▶ [Input data]:
════
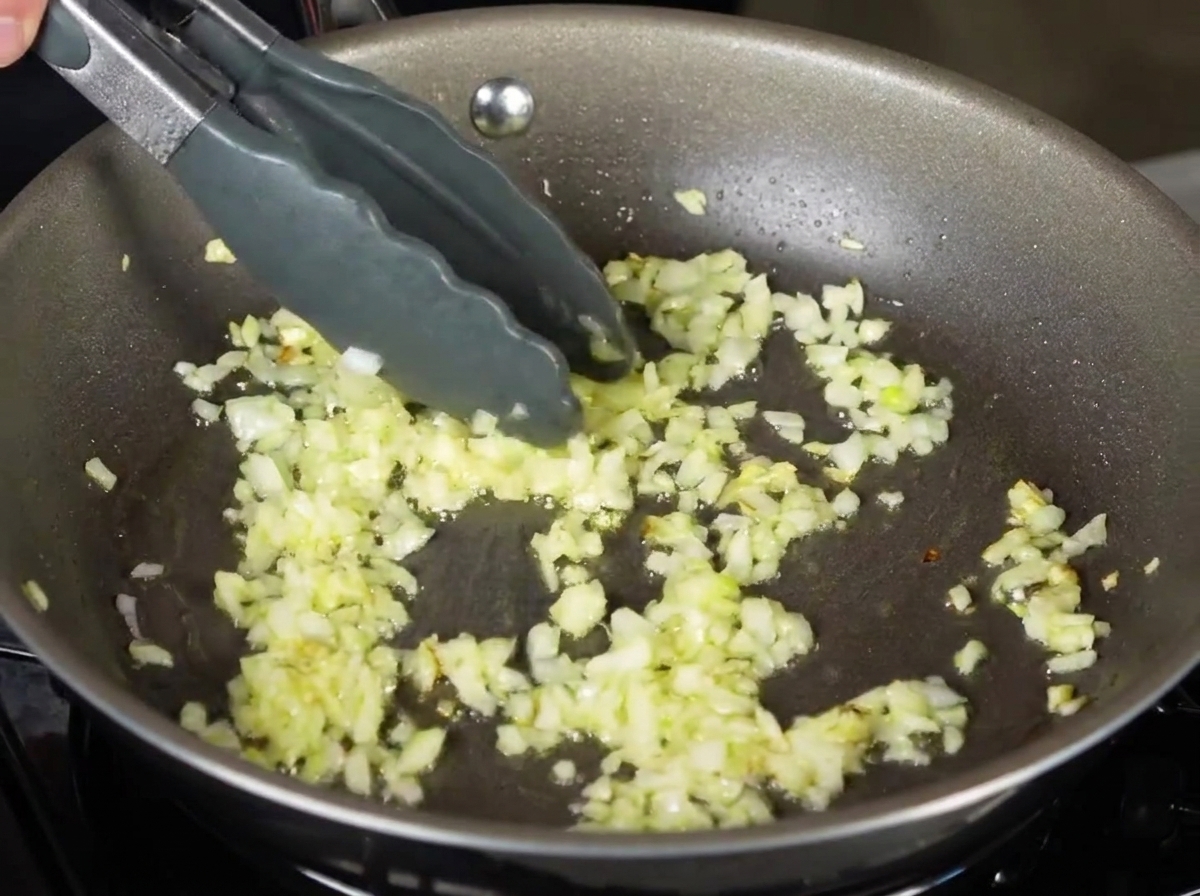 Gekochte Tagliatelle-Nudeln werden mit einer Zange in eine Pfanne mit gehackten, angebratenen Zwiebeln gegeben.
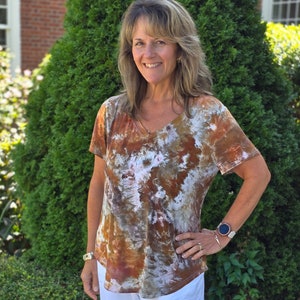 May include: A tie-dye V-neck t-shirt in shades of brown, white, and rust. The short-sleeved shirt has a relaxed fit and is paired with white pants. The model is wearing a watch and bracelet.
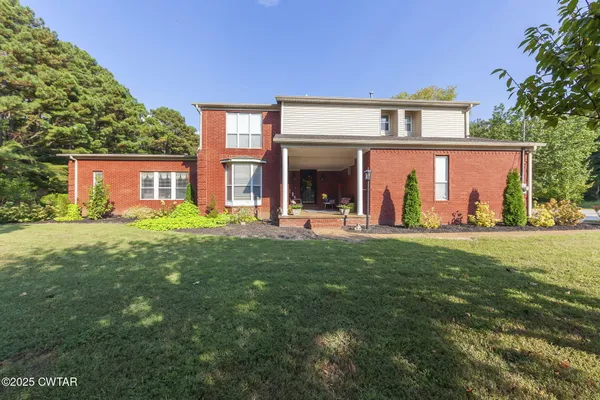 a front view of house with yard and green space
════
I'd like the material repeated word for word, without the pictures it holds.

 Gekochte Tagliatelle-Nudeln werden mit einer Zange in eine Pfanne mit gehackten, angebratenen Zwiebeln gegeben.
 May include: A tie-dye V-neck t-shirt in shades of brown, white, and rust. The short-sleeved shirt has a relaxed fit and is paired with white pants. The model is wearing a watch and bracelet.
 a front view of house with yard and green space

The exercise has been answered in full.